County Commission declines to make grant application because of sales tax referendum uncertainty

The Douglas County Commission meets in the historic courtroom on the second floor of the county courthouse, 1100 Massachusetts St.

Douglas County commissioners reluctantly declined Wednesday a staff request to apply for a grant that would help pay for a viewing site and shelter at Wells Overlook Park because of uncertainty about the fate of the half-cent sale tax referendum before voters this spring.

Keith Browning, county public works director, said the county developed plans for an Americans with Disabilities Act-compliant viewing platform about 30 feet north of the Wells Overlook tower.

The project was not on the county’s capital improvement list, but it was developed after Ken Lassman, a member of the family who donated the Wells Overlook property on County Route 458 just east of U.S. Highway 59 to the county, expressed interest in improving viewing opportunities at the site for those with mobility limitations. The plan would require clearing a half-acre of trees to provide a view from the platform. The plan also would construct an accessible picnic shelter south of the Wells Overlook parking lot.
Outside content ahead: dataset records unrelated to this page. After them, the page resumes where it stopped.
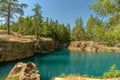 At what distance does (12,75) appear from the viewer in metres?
17.2

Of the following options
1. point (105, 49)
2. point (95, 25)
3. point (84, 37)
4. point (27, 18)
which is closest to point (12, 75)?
point (95, 25)

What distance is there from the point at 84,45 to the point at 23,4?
3492 centimetres

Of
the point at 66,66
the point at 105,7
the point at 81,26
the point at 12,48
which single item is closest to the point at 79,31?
the point at 81,26

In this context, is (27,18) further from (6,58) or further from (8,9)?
(6,58)

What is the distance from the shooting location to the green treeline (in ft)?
47.1

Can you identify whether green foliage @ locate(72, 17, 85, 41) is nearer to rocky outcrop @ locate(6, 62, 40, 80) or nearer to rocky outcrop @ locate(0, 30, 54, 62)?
rocky outcrop @ locate(0, 30, 54, 62)

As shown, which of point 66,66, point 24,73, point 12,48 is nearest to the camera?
point 24,73

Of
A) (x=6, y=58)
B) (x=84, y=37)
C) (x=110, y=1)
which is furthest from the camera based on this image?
(x=84, y=37)

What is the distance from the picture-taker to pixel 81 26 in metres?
84.8

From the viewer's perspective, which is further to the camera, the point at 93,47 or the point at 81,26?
the point at 81,26

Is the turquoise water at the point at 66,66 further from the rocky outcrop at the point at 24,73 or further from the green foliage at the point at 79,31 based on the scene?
the green foliage at the point at 79,31

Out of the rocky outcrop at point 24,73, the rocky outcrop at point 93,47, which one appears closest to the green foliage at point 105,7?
the rocky outcrop at point 24,73

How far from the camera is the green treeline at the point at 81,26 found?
14.4m

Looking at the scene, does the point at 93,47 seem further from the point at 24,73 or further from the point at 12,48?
the point at 24,73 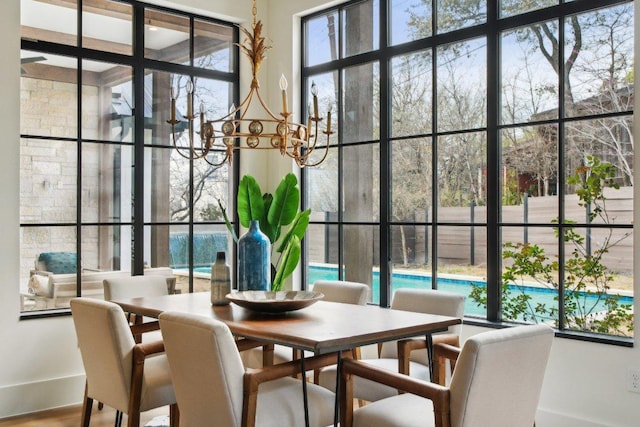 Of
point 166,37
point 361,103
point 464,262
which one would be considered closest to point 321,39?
point 361,103

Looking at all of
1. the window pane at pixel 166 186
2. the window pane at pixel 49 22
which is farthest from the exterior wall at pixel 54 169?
the window pane at pixel 166 186

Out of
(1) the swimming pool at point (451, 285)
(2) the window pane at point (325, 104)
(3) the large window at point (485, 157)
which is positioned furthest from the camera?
(2) the window pane at point (325, 104)

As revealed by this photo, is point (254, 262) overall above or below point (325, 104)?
below

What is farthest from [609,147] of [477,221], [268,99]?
[268,99]

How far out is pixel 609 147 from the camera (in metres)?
3.46

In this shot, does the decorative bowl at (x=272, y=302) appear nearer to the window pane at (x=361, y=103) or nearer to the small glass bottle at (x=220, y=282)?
the small glass bottle at (x=220, y=282)

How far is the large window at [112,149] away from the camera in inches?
172

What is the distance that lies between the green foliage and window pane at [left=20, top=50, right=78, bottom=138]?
10.5ft

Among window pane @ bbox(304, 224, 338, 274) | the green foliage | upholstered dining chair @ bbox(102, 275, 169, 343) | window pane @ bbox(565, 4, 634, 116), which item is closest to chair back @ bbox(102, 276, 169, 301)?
upholstered dining chair @ bbox(102, 275, 169, 343)

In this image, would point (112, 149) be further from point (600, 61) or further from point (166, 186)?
point (600, 61)

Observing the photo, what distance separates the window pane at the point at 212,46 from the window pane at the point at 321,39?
25.7 inches

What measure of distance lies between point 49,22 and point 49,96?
515 millimetres

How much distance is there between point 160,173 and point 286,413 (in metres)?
2.87

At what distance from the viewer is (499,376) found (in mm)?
2207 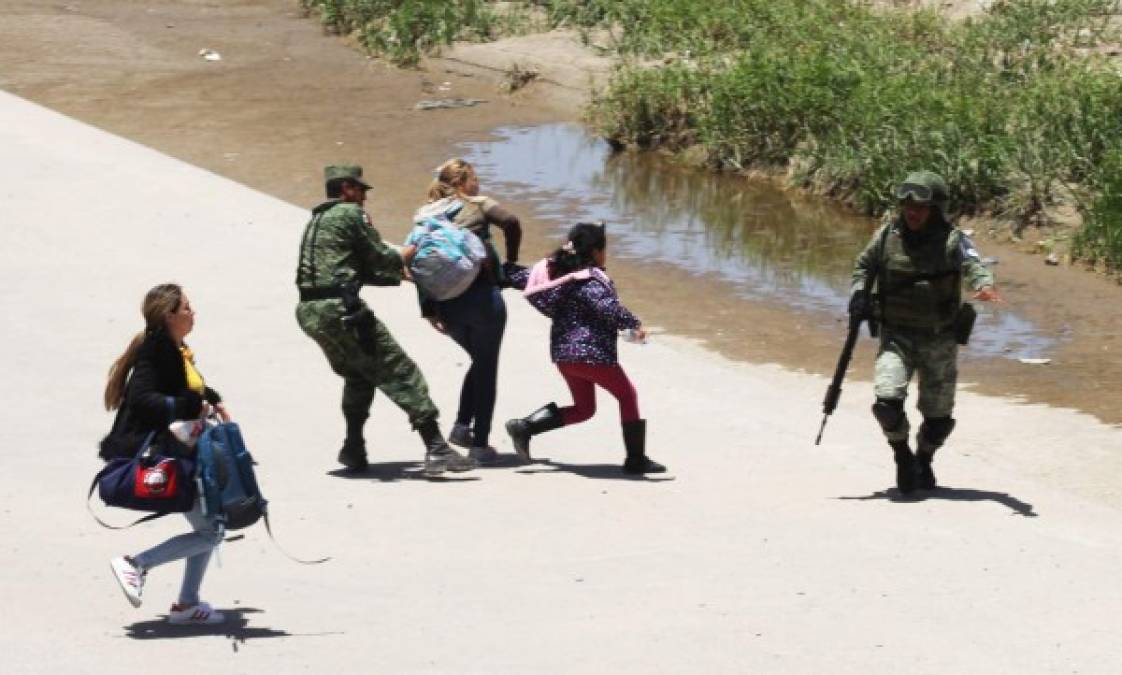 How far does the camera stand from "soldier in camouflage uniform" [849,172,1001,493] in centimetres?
1049

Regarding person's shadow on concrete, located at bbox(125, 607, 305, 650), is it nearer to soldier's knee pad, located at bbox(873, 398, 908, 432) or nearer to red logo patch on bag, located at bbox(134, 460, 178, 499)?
red logo patch on bag, located at bbox(134, 460, 178, 499)

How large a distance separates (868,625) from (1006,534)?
5.46 feet

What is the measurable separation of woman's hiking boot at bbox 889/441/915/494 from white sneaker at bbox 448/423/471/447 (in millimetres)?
2135

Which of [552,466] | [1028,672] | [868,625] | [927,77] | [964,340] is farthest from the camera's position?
[927,77]

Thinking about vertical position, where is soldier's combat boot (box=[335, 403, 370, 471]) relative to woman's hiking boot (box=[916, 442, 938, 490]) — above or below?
below

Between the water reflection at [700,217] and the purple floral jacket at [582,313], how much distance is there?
173 inches

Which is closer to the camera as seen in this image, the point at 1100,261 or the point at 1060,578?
the point at 1060,578

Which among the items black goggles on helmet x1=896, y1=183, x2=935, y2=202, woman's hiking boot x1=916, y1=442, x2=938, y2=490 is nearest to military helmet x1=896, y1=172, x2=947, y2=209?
black goggles on helmet x1=896, y1=183, x2=935, y2=202

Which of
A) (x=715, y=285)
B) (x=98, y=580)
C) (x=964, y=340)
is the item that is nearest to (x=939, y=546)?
(x=964, y=340)

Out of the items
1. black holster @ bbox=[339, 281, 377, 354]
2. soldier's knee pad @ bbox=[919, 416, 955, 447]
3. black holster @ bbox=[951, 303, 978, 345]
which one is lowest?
soldier's knee pad @ bbox=[919, 416, 955, 447]

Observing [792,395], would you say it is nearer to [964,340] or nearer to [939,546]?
[964,340]

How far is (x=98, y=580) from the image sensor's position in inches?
350

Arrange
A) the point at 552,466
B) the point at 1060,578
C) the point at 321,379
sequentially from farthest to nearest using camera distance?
the point at 321,379 < the point at 552,466 < the point at 1060,578

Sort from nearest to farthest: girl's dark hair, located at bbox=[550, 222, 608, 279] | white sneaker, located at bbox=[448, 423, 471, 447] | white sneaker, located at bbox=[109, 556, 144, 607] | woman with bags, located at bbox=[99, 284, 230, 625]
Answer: white sneaker, located at bbox=[109, 556, 144, 607]
woman with bags, located at bbox=[99, 284, 230, 625]
girl's dark hair, located at bbox=[550, 222, 608, 279]
white sneaker, located at bbox=[448, 423, 471, 447] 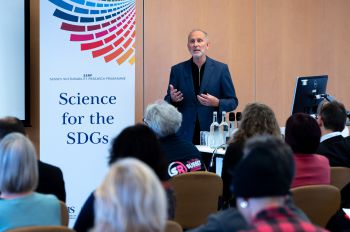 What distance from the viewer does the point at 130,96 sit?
5559mm

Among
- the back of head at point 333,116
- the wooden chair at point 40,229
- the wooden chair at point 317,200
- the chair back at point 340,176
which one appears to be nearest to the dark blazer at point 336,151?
the back of head at point 333,116

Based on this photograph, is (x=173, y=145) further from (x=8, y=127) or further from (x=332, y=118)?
(x=332, y=118)

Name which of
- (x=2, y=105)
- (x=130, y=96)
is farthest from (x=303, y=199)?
(x=2, y=105)

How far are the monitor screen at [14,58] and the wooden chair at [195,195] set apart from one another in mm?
2858

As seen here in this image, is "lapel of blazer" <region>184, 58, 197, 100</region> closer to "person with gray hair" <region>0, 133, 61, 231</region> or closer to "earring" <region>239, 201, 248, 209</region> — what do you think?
"person with gray hair" <region>0, 133, 61, 231</region>

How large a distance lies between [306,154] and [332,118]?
1.00 metres

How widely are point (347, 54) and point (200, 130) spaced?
319cm

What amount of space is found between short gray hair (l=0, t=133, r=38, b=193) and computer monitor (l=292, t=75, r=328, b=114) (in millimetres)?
3216

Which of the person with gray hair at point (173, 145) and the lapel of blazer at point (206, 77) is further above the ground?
the lapel of blazer at point (206, 77)

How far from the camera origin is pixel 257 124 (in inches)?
144

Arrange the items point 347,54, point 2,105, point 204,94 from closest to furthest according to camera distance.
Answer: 1. point 204,94
2. point 2,105
3. point 347,54

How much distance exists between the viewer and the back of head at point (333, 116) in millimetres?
4281

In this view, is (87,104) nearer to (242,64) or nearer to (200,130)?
(200,130)

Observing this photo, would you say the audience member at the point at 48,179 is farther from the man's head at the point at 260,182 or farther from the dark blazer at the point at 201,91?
the dark blazer at the point at 201,91
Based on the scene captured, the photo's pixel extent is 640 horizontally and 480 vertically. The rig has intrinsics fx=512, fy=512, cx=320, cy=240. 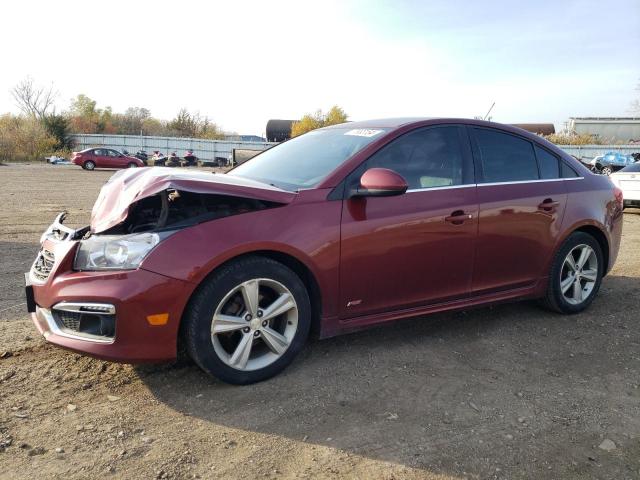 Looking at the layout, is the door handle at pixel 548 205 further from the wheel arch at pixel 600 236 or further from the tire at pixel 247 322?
the tire at pixel 247 322

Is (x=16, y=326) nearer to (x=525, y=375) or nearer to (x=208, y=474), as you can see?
(x=208, y=474)

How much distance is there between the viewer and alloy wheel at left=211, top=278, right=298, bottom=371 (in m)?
2.96

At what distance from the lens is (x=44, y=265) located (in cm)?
317

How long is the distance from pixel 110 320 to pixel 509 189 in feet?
9.92

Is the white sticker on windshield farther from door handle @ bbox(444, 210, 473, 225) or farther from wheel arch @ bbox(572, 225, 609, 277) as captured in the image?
wheel arch @ bbox(572, 225, 609, 277)

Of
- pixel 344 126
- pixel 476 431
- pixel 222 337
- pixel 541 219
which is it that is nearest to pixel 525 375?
pixel 476 431

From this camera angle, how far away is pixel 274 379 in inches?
124

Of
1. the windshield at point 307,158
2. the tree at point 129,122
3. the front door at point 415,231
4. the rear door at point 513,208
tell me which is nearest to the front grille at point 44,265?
the windshield at point 307,158

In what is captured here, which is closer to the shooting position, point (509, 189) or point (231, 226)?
point (231, 226)

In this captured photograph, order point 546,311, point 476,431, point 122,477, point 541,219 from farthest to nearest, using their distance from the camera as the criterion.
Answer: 1. point 546,311
2. point 541,219
3. point 476,431
4. point 122,477

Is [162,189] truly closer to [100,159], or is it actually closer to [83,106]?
[100,159]

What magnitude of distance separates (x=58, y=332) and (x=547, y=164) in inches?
155

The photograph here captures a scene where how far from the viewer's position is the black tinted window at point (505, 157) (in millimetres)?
4016

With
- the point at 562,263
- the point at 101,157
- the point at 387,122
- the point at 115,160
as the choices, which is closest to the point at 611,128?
the point at 115,160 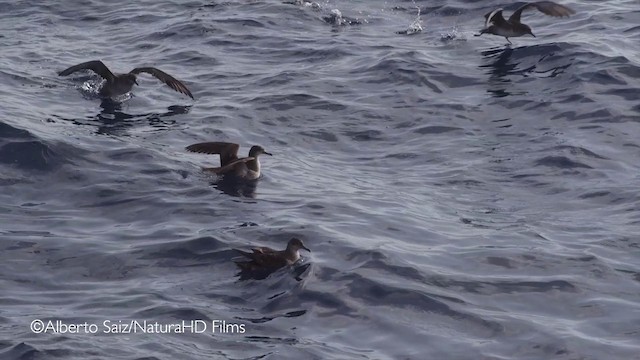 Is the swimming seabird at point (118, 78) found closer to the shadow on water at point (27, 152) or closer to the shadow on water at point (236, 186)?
the shadow on water at point (27, 152)

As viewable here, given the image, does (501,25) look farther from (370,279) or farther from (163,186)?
(370,279)

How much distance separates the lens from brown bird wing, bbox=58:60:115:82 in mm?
19000

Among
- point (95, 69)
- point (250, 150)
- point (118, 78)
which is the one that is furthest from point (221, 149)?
point (95, 69)

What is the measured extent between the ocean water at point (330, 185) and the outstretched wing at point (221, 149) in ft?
1.00

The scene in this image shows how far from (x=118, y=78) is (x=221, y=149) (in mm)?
3680

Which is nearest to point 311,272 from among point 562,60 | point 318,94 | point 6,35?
point 318,94

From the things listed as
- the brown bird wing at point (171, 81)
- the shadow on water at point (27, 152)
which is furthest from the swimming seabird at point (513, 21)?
the shadow on water at point (27, 152)

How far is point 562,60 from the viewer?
20812 mm

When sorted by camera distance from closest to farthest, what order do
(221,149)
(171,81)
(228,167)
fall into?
(228,167)
(221,149)
(171,81)

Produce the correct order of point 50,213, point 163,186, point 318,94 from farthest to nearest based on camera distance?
Result: 1. point 318,94
2. point 163,186
3. point 50,213

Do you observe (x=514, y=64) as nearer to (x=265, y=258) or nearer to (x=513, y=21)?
(x=513, y=21)

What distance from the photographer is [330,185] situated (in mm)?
15844

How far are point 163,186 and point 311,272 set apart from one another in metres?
3.49

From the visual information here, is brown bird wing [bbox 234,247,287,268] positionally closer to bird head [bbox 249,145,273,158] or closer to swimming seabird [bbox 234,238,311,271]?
swimming seabird [bbox 234,238,311,271]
Browning estimated the project would cost $144,800. He proposed the county apply for a federal grant the Kansas Department of Wildlife, Parks and Tourism administers. If approved, the grant would reimburse the county half its costs once the project was finished.

Browning requested the County Commission’s approval to apply for the grant by its April 15 deadline. Applying would commit the county to going forward with the project if the KDWPT were to approve the grant, he said.

Commissioners, however, were not ready to make that commitment, referring to previous statements about how they would have to consider cuts to all discretionary spending to pay for a phased expansion of the county jail if voters defeat the referendum to authorize a half-cent sales tax. The sales tax would provide $44 million for the jail expansion and $11 million for a behavioral health campus.

“Under normal circumstances, I would be all for it,” Commission Chair Nancy Thellman said. “I think the message we gave the community was to hold the line on all discretionary spending if the referendum fails.”

Commissioners instructed Browning to put the project on the 2019 capital improvement list so that it could be considered during this summer’s 2019 budget discussions once the referendum’s results had come in. The county could apply for the grant next year, Browning said.

In other business, an update on the multiagency integrated behavioral health response team that had been scheduled for the meeting was tabled for April 11 because of a scheduling conflict of one of the presenters.